Data extract —
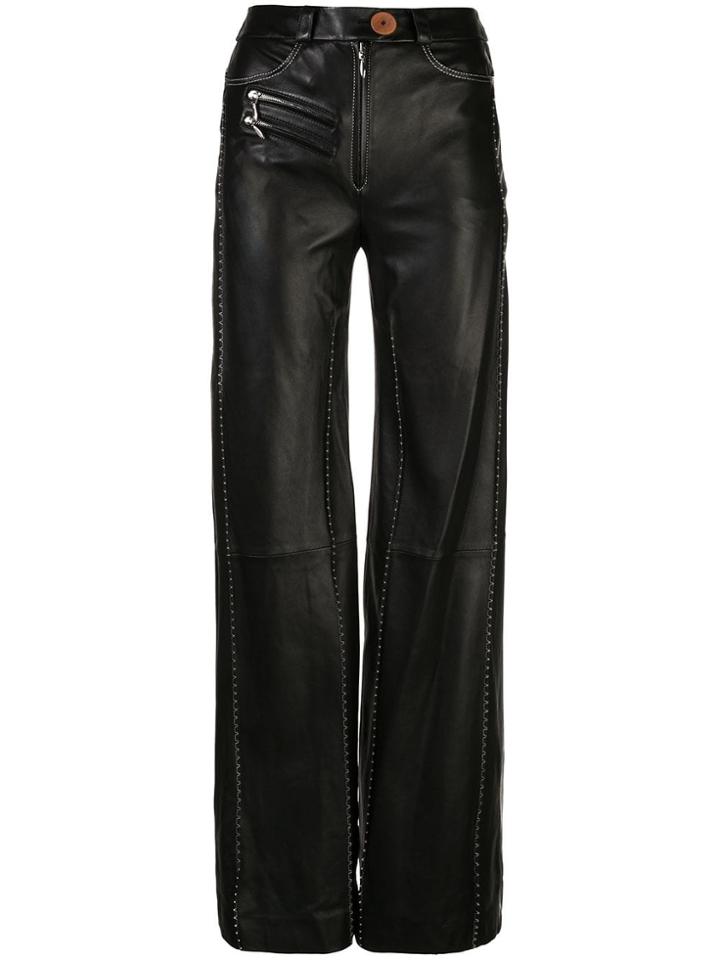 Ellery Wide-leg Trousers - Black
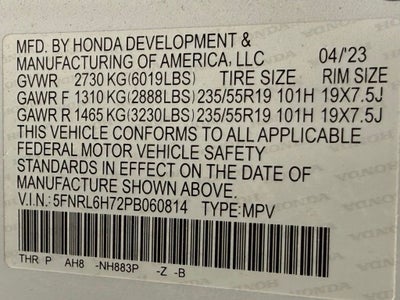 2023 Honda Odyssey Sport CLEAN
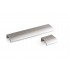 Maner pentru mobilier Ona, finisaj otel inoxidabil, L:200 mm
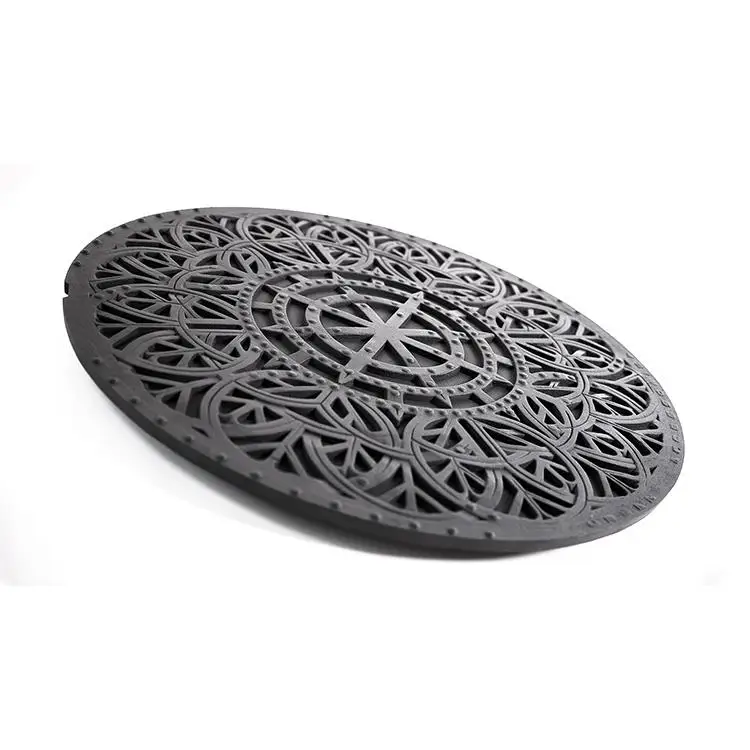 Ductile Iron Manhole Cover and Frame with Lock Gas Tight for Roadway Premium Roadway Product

Exercise —
Your task is to reproduce exactly the lines from the one that holds "2023 Honda Odyssey Sport CLEAN" to the last line of the listing, and only those, omitting the pictures.

Exercise solution —
 2023 Honda Odyssey Sport CLEAN
 Maner pentru mobilier Ona, finisaj otel inoxidabil, L:200 mm
 Ductile Iron Manhole Cover and Frame with Lock Gas Tight for Roadway Premium Roadway Product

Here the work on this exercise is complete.